The aim of the study was to do a cross-cultural adaptation Child-OIDP index and assess its reliability and validity for application among Moroccan children aged 11–14. Simplifying the shape of the second part tabs allowed children to understand the questions. The study showed that the Moroccan version of the Child-OIDP had satisfactory psychometric properties. In terms of validity, the questionnaire presented a very good convergent validity. The relationship between the Child OIDP score and perception by the child of his mouth problems was very statistically significant.

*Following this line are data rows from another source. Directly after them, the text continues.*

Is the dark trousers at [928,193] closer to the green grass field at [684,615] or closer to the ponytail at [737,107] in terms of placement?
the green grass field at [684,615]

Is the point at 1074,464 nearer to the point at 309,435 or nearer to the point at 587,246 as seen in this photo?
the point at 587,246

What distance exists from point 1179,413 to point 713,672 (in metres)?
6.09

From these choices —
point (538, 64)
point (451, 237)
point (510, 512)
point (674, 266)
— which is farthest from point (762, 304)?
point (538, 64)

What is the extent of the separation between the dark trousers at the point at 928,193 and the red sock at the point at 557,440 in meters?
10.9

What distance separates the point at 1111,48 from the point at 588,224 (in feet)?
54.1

The results also showed good divergent validity with a significant relationship between the OIDP score and the occupation of the mother. The reliability of the questionnaire was confirmed by the internal coherence of Cronbach α with a coefficient of 0.52 (in the recommended range of 0.5–0.7). Testing-retesting also showed excellent reproducibility (r = 0.93).

As a result, the Moroccan version of Child OIDP can be considered as a valid, reliable, and convenient instrument for use in the Moroccan population.

Up to now, the Child-OIDP questionnaire has been translated and adapted in a number of languages and different sociocultural contexts, demonstrating its applicability and satisfactory psychometric properties.

The psychometric properties of measures of quality of oral life depend largely on the linguistic and cultural attributes of the study population. The need for validation study of the measurement instrument when applied in a new sociocultural context was recognized.[9]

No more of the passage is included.